Hablé aquí de la serie de Sistiaga hace más o menos un mes. Vuelvo sobre el asunto porque la estoy siguiendo con el mayor interés: la atención que despertó en mí el primer capítulo, el de los puentes, no ha hecho más que crecer. Jon Sistiaga no le cae bien a todo el mundo, que es lo que nos pasa a todos. Pero este trabajo suyo es la obra de su vida. Lo ha tenido que pasar fatal haciéndolo, y en muchísimas ocasiones se le notan los nervios, la sonrisa forzada, la duda del último segundo sobre si preguntar o no preguntar tal cosa, sobre si usar o no tal palabra. Pero lo hace, siempre lo hace. Y el resultado es asombroso.
Con qué desprecio trataba el obispo José María Setién a los familiares de los asesinados y cómo solía preguntarse, despectivo, que “en dónde está escrito que un pastor tenga que amar por igual a todas sus ovejas”

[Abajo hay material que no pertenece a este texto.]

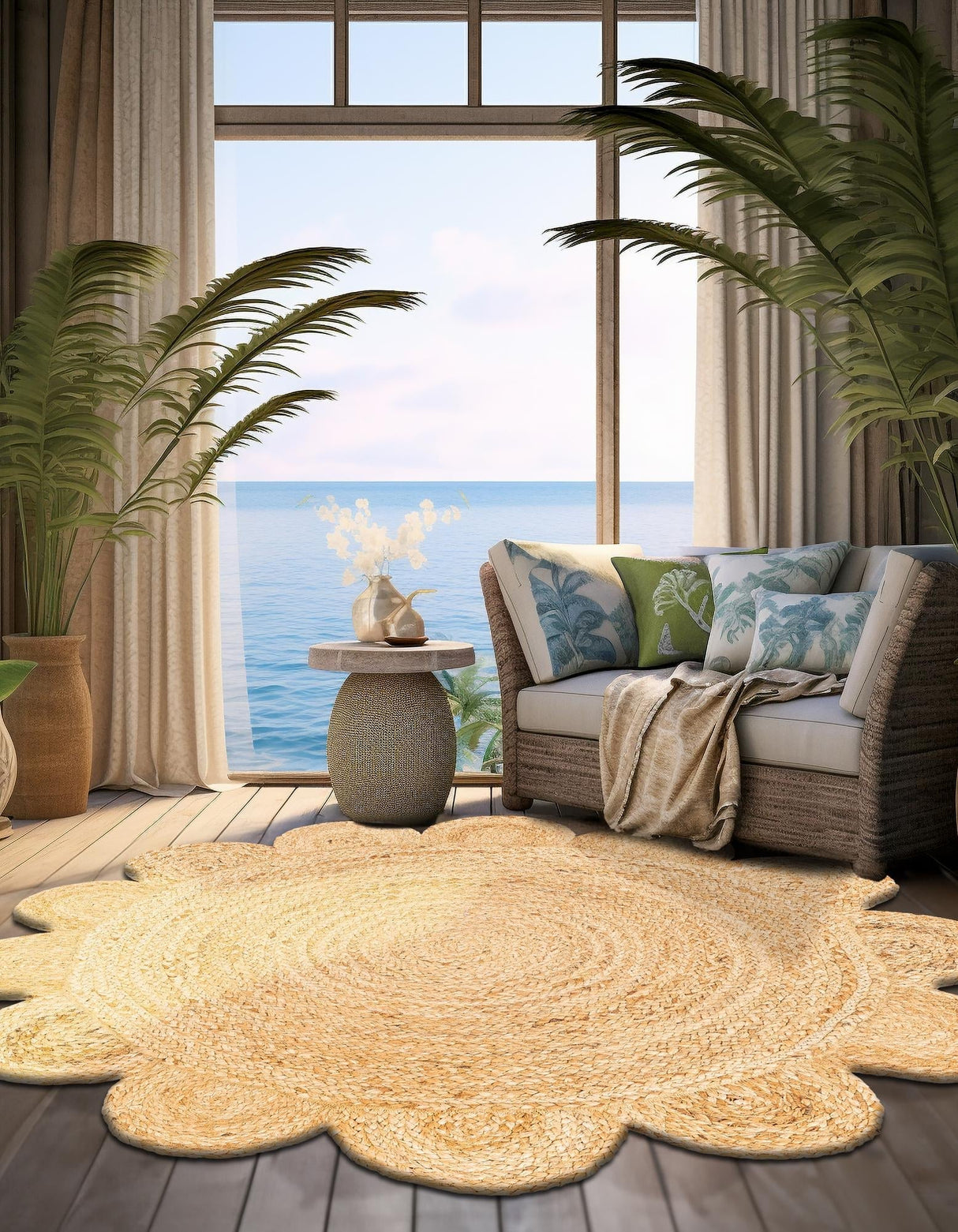 Hand Scallop Braided Jute Rug – Natural Fiber Rug with Decorative Edge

No es fácil preguntarle al astuto y melifluo obispo Uriarte sobre la actitud de la Iglesia ante ETA. No es fácil escuchar cómo ese hombre dice que ellos siempre estuvieron en contra, sobre todo cuando vienes de entrevistar a un antiguo etarra de los años 70 y te ha confirmado que ETA se gestó en los seminarios, y que a él mismo un cura le ofreció la absolución sin problemas cada vez que matase a un guardia civil. No es fácil, no puede serlo, oír cómo Uriarte admite que “quizá” la Iglesia pudo hacer más por mas víctimas, cuando él sabe mejor que casi nadie con qué desprecio trataba su antecesor, el obispo José María Setién, a los familiares de los asesinados, y cómo solía preguntarse, despectivo, que “en dónde está escrito que un pastor tenga que amar por igual a todas sus ovejas”.
No le debió de ser fácil a Sistiaga hablar con antiguos asesinos y, por más arrepentidos que estén, usar en la conversación las palabras correctas: asesinar, asesinato, porque la mafia de ETA elaboró un léxico propio en el que se usaban nada más que eufemismos: objetivo, ejecución, “levantar” un concejal (esa fue la expresión con que se dio la orden de matar a Miguel Ángel Blanco); y las palabras, por más años que pasen, se cuelan en la mente de las personas y hacen allí nido, y difícilmente se van. Pero Sistiaga, sonriendo como puede, lo consigue. Logra que los antiguos asesinos hablen de asesinatos. Sin vestir la palabra de seda.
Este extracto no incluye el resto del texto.